What to do:
Could the whole of the data below be written out verbatim?

Dataset excerpt:
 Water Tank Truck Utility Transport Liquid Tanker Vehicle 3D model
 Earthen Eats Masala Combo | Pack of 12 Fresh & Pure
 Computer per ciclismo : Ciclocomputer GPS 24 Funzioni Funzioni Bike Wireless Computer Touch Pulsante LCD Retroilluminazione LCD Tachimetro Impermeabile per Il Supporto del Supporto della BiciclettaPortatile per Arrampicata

Result of the exercise:
 Water Tank Truck Utility Transport Liquid Tanker Vehicle 3D model
 Earthen Eats Masala Combo | Pack of 12 Fresh & Pure
 Computer per ciclismo : Ciclocomputer GPS 24 Funzioni Funzioni Bike Wireless Computer Touch Pulsante LCD Retroilluminazione LCD Tachimetro Impermeabile per Il Supporto del Supporto della BiciclettaPortatile per Arrampicata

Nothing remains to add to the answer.